AM-2389 is a classical cannabinoid derivative which acts as a potent and reasonably selective agonist for the CB1 receptor, with a Ki of 0.16 nM, and 26x selectivity over the related CB2 receptor. It has high potency in animal tests of cannabinoid activity, and a medium duration of action. Replacing the 1',1'-dimethyl substitution of the dimethylheptyl side chain of classical cannabinoids with cyclopropyl or cyclopentyl results in higher potency than cyclobutyl, but only the cyclobutyl derivatives show selectivity for CB1 over CB2. High selectivity for CB1 over CB2 is difficult to achieve (cf.

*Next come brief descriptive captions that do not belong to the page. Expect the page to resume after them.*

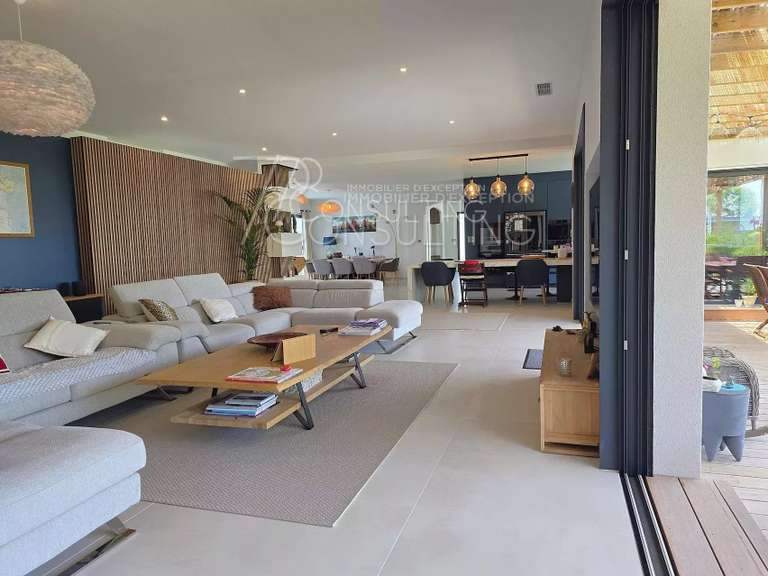 Maison Toulouse - 356m²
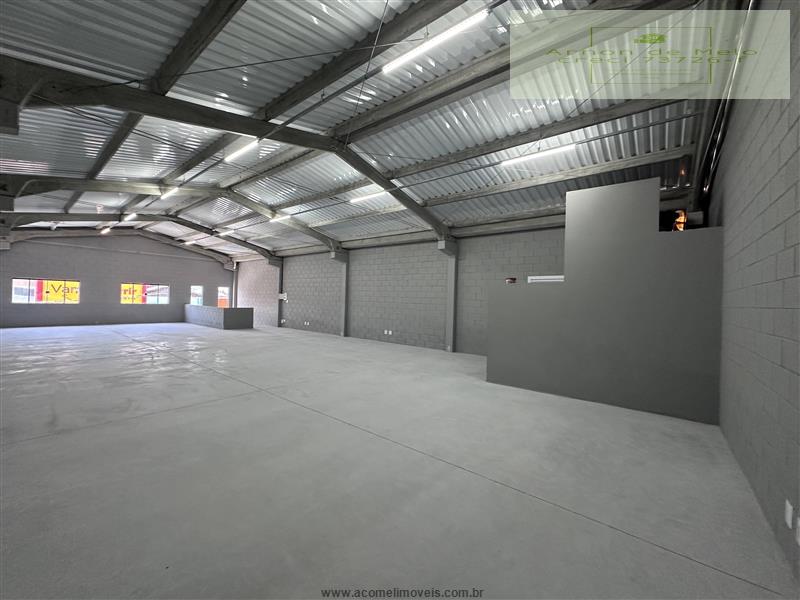 Depósito-Galpão-Armazém para alugar, 395m² - Foto 11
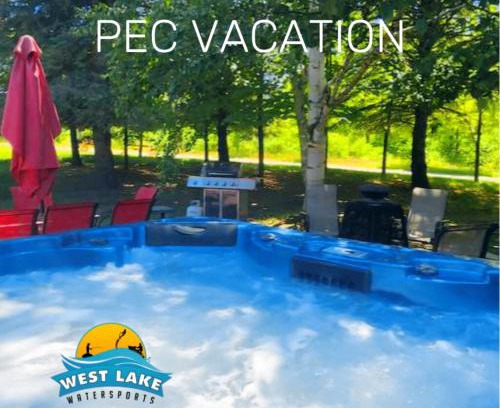 Picton House | FREE Pontoon Boat-Sandbanks Pass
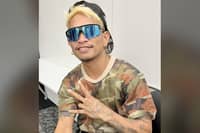 Johnriel Casimero remains unable to draw a response from Japanese pond-for-pound king Naoya Inoue.
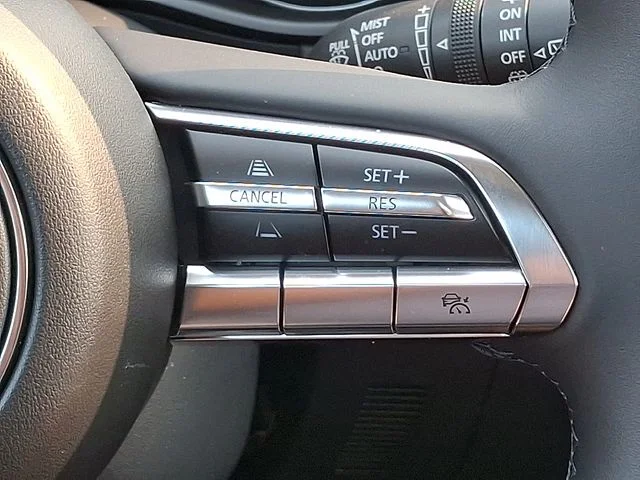 Certified Used 2026 Gray Mazda Premium Plus image 22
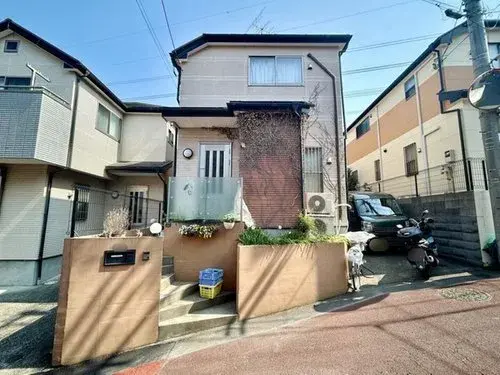 4LDK Property Niiza City Saitama Prefecture (1)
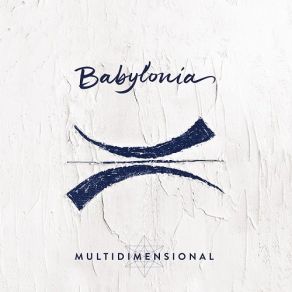 Multidimensional album cover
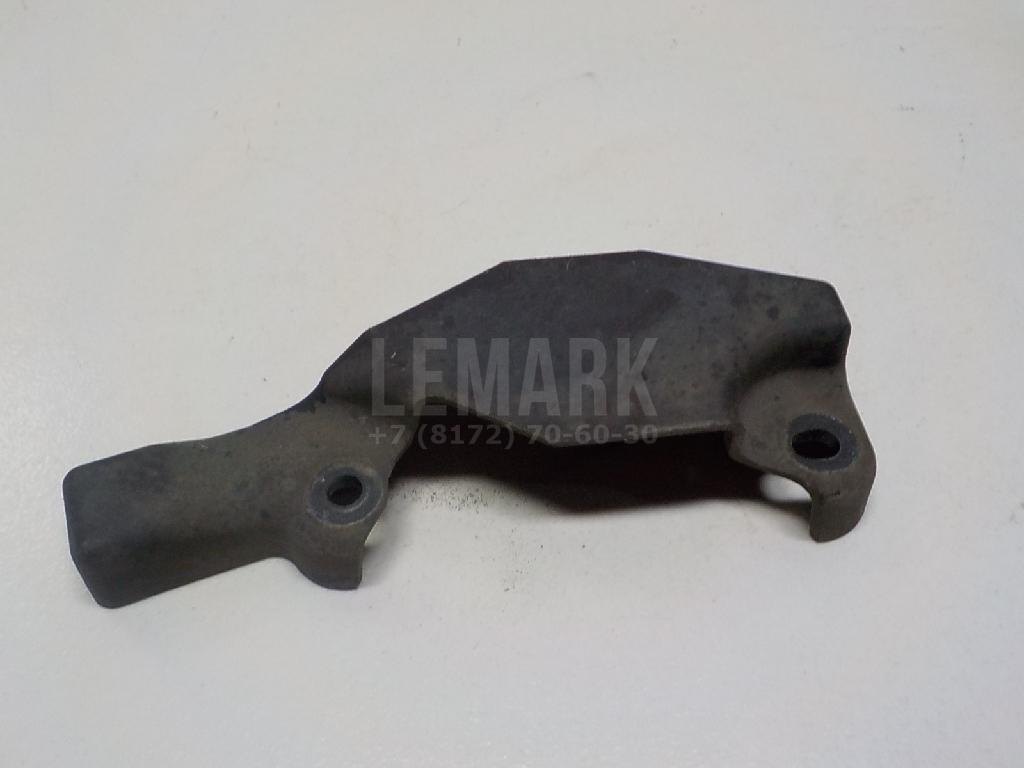 Кронштейн замка капота для  Fiat Stilo 2002-2010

AM-906, AM-1235), as almost all commonly used CB1 agonists have similar or greater affinity for CB2 than CB1, and the only truly highly selective CB1 agonists known as of 2012 are eicosanoid derivatives such as O-1812.
KM-233 is a synthetic cannabinoid drug which is a structural analog of Δ8-tetrahydrocannabinol (THC), the less active but more stable isomer of the active component of Cannabis. KM-233 differs from Δ8-THC by the pentyl side chain being replaced by a 1,1-dimethylbenzyl group. It has high binding affinity in vitro for both the CB1 and CB2 receptors, with a CB2 affinity of 0.91 nM and 13-fold selectivity over the CB1 receptor. In animal studies, it has been found to be a potential treatment for glioma, a form of brain tumor. Many related analogues are known where the 1,1-dimethylbenzyl group is substituted or replaced by other groups, with a fairly well established structure-activity relationship.
APICA is an indole based drug that acts as a potent agonist for the cannabinoid receptors.
QMPSB is an arylsulfonamide-based synthetic cannabinoid that has been sold as a designer drug.